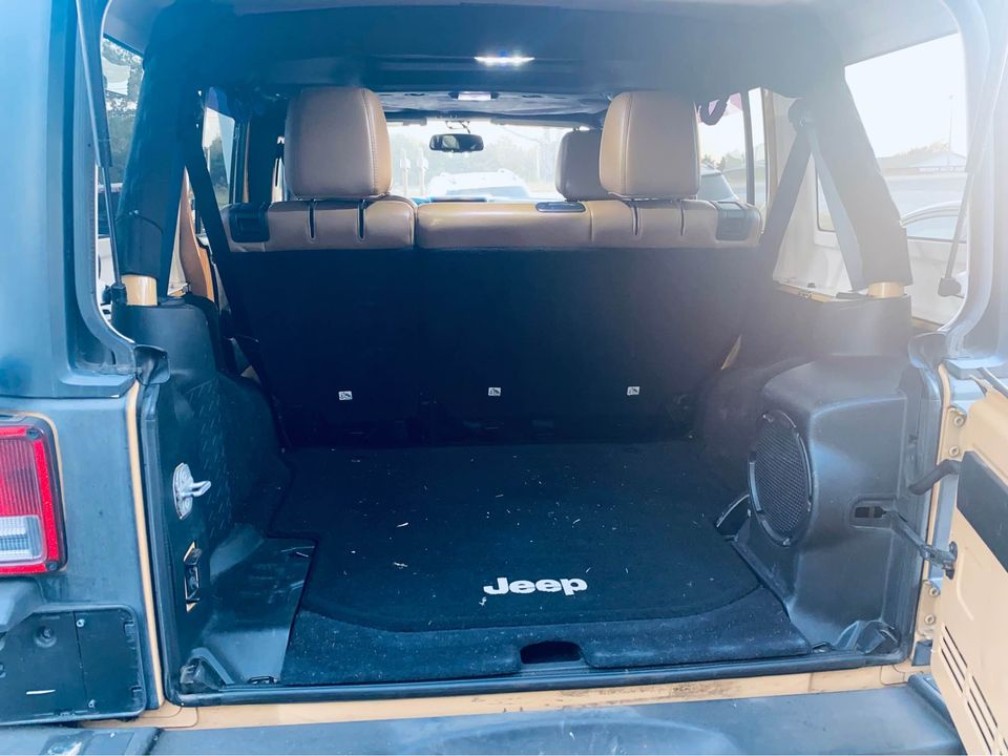 Additional photo of vehicle.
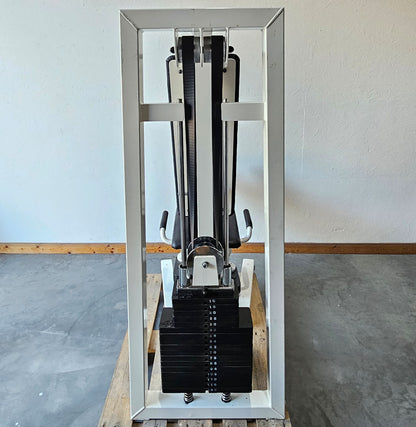 Gym80 Abduktorenmaschine, Hip Abductor, sitzend,  Oldschool Bodybuilding Kraftgerät - Edition oder Classic Line, Rahmenfarbe Weiß, gebraucht mit Gebrauchsspuren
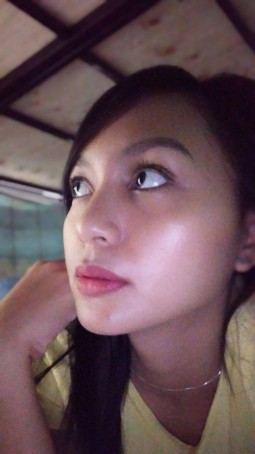 Alia, 28, Philippines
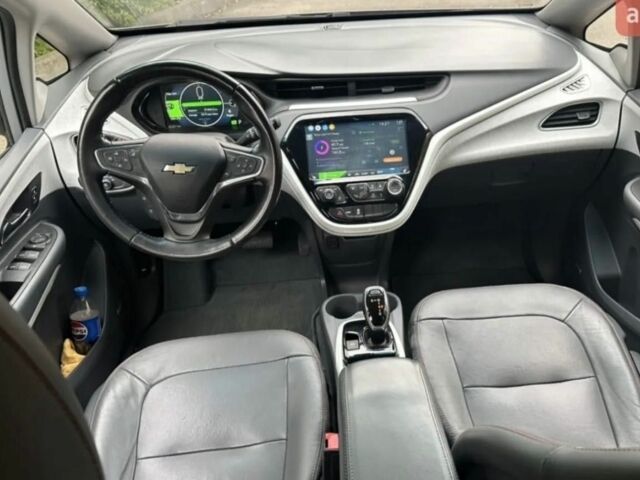 Серый Шевроле Другая, объемом двигателя 0 л и пробегом 62 тыс. км за 9000 $, фото 6 на Automoto.ua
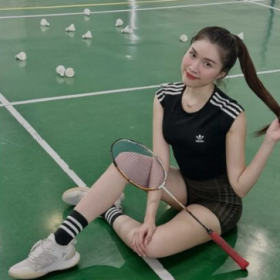 Outfit đánh cầu lông Outfit đánh cầu lông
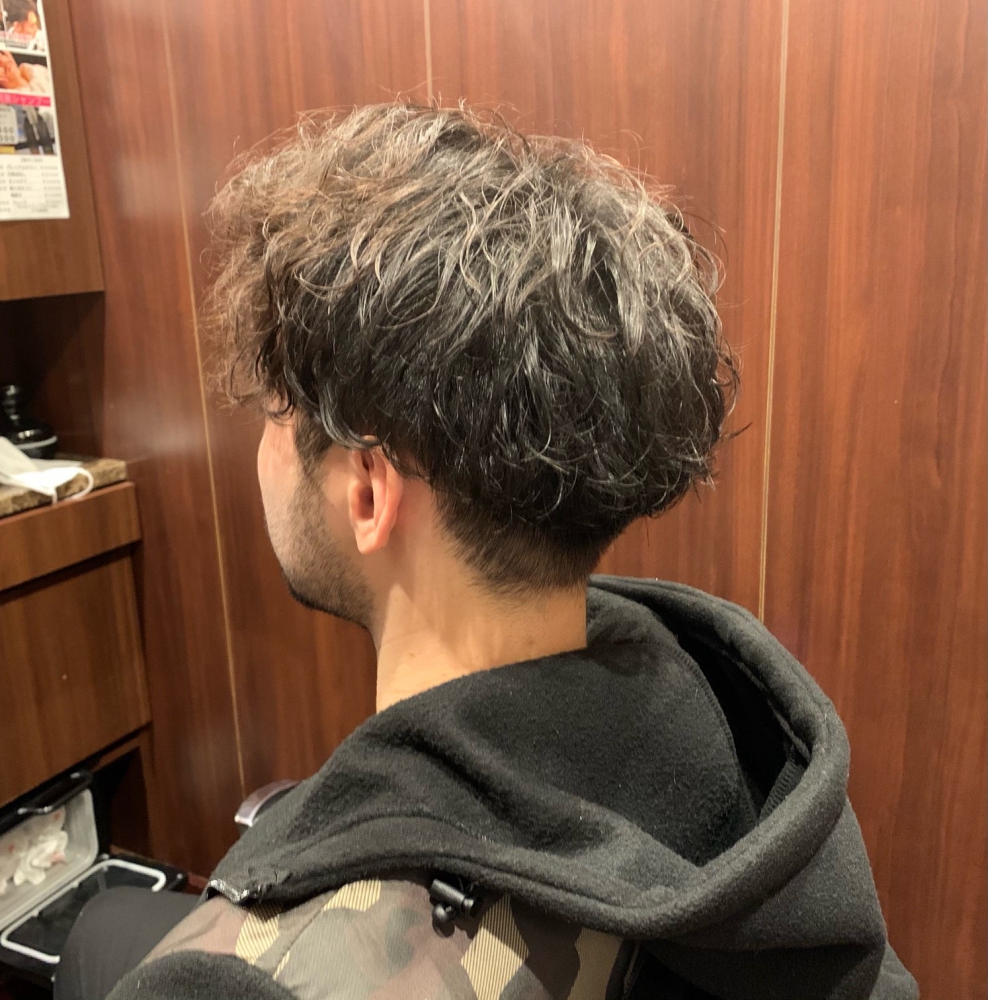 センターパート スパイラルパーマ 田町 理容室｜ヘアカタログ｜高級理容室・床屋・ヘアサロン｜PREMIUM BARBER（プレミアムバーバー）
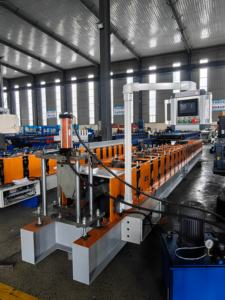 Machine de fabrication de gouttières et de descentes d'eau <span class=keywords><strong>en</strong></span> acier sans soudure à grande vitesse, ligne de production complète avec contrôle PLC - Product Image 6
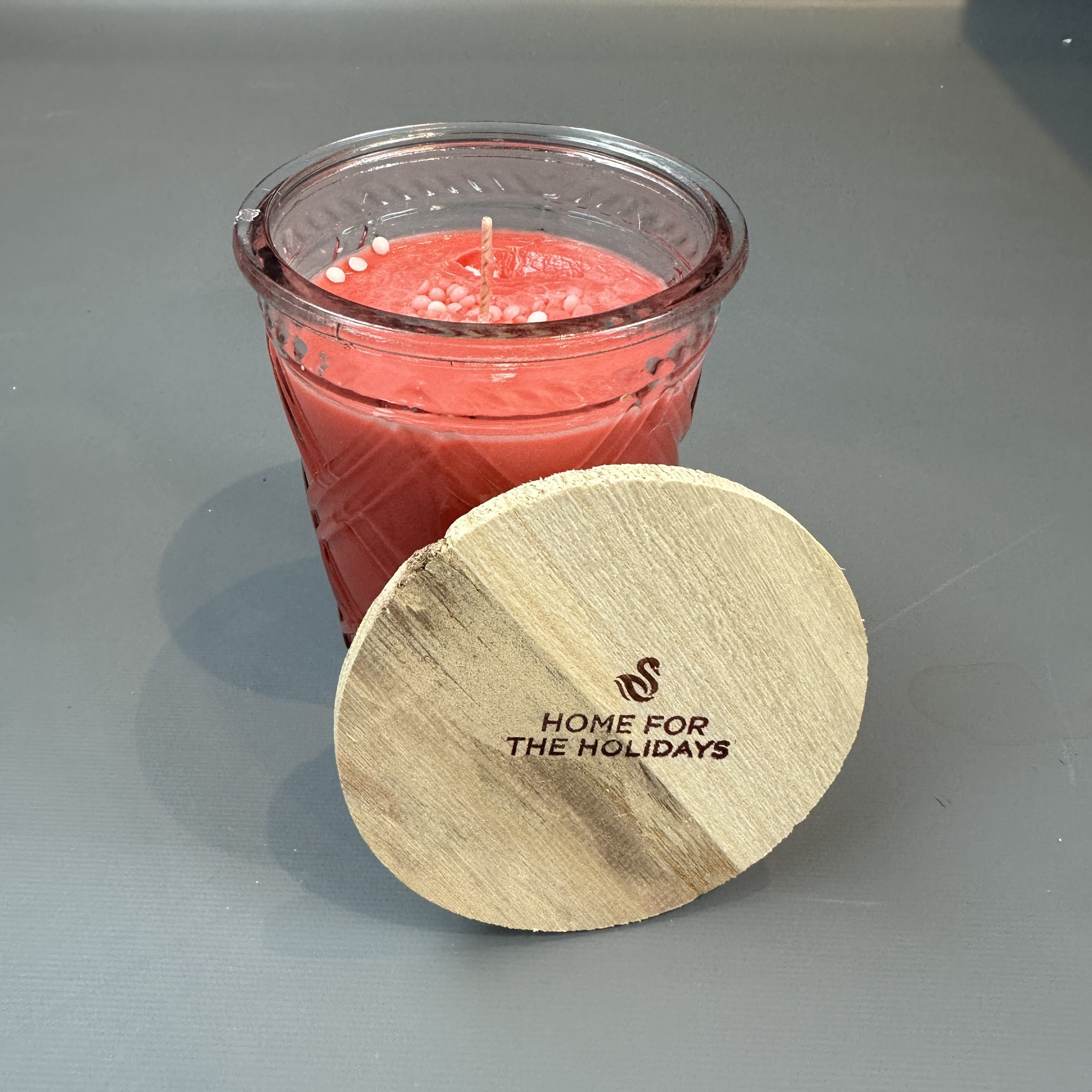 SWAN CREEK HOME FOR THE HOLIDAYS 12OZ CANDLE Flower Bouquet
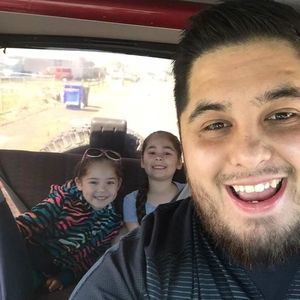 Meet your Posher, Jason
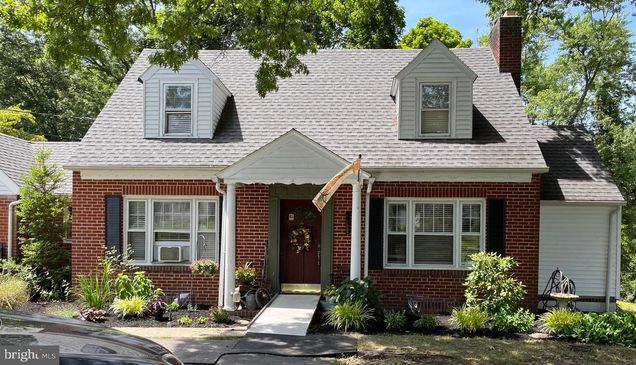 2631 N Charlotte Street POTTSTOWN, PA House Active - Photo 1 of 44. Opens carousel modal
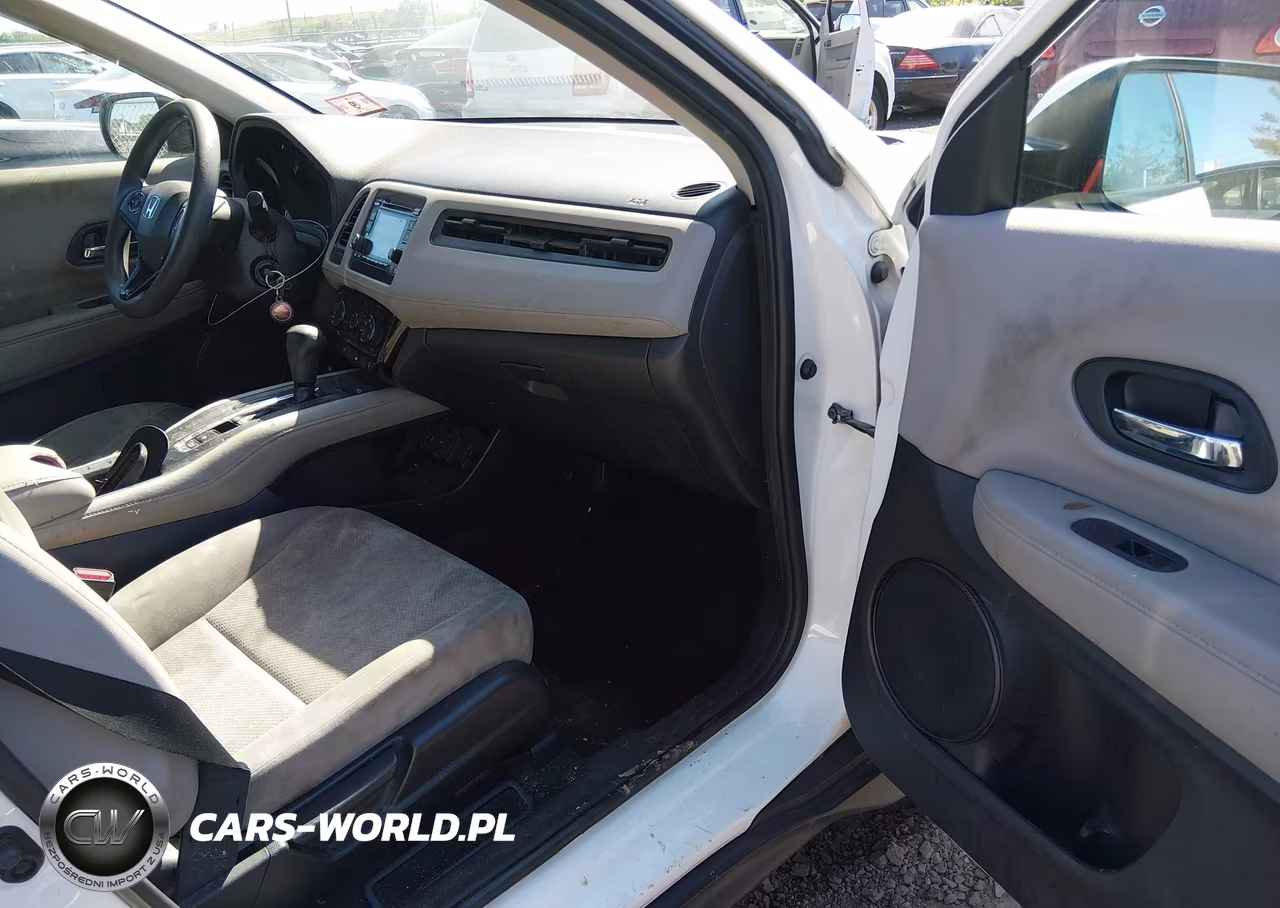 2018 Honda Hr-V Lx VIN:3CZRU6H37JM700197 - 5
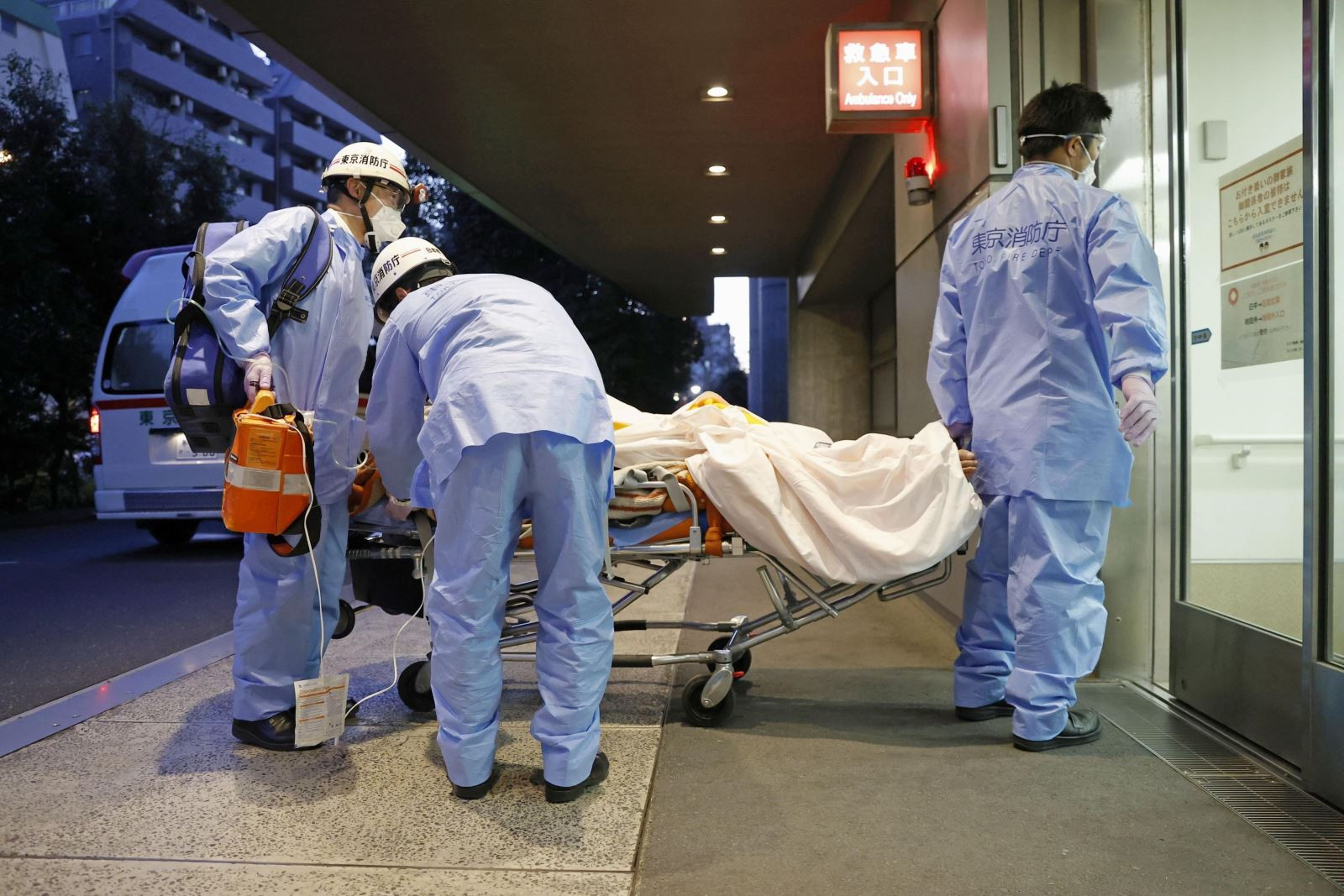 Nhân viên y tế chuyển bệnh nhân COVID-19 tới bệnh viện tại Tokyo, Nhật Bản, ngày 1/2/2022. 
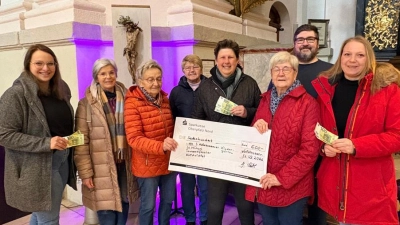 Katja Bloßfeldt, Leiterin KiGa Waldwichtel, Maria Spachtholz u. Loni Hahn Vorstandschaft KAB, Monika Demmer, Leiterin KiGa St.Michael, Gudrun und Dominik Sirtl, Vorsitzende KAB und Diana Männer, Leiterin KiGa Taussendfüssler (Bild: Gudrun Sirtl)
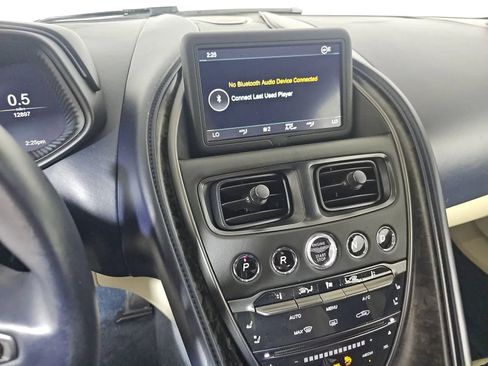 Used 2019 Aston Martin DB11 Volante RWD image 5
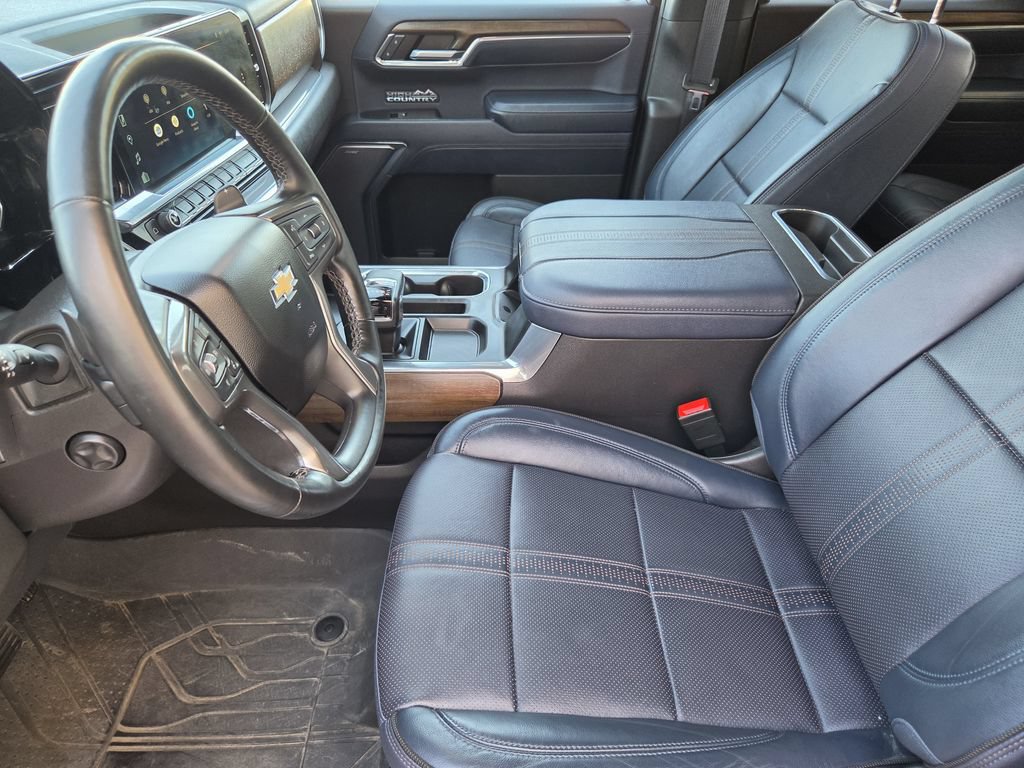 Used 2023 Chevrolet Silverado 1500 High Country w/ High Country Premium Package AWD/4WD image 11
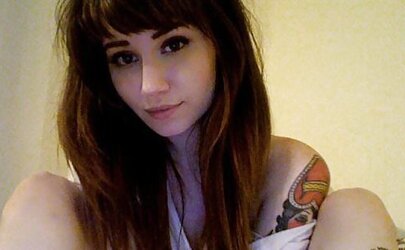 Brunettes Are Super-Hot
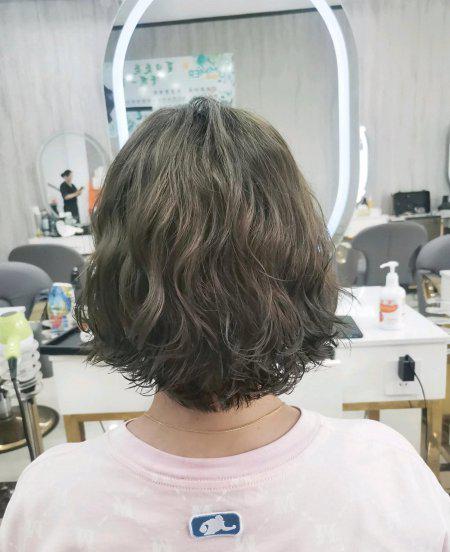 今年流行女士短发发型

▬▬▬▬▬▬▬▬▬▬

**What is required**
Only the lines from the one with "SWAN CREEK HOME" through the final line of the data should be written out, exactly and including both ends. Skip the pictures.

**Answer to this problem**
 SWAN CREEK HOME FOR THE HOLIDAYS 12OZ CANDLE Flower Bouquet
 Meet your Posher, Jason
 2631 N Charlotte Street POTTSTOWN, PA House Active - Photo 1 of 44. Opens carousel modal
 2018 Honda Hr-V Lx VIN:3CZRU6H37JM700197 - 5
 Nhân viên y tế chuyển bệnh nhân COVID-19 tới bệnh viện tại Tokyo, Nhật Bản, ngày 1/2/2022. 
 Katja Bloßfeldt, Leiterin KiGa Waldwichtel, Maria Spachtholz u. Loni Hahn Vorstandschaft KAB, Monika Demmer, Leiterin KiGa St.Michael, Gudrun und Dominik Sirtl, Vorsitzende KAB und Diana Männer, Leiterin KiGa Taussendfüssler (Bild: Gudrun Sirtl)
 Used 2019 Aston Martin DB11 Volante RWD image 5
 Used 2023 Chevrolet Silverado 1500 High Country w/ High Country Premium Package AWD/4WD image 11
 Brunettes Are Super-Hot
 今年流行女士短发发型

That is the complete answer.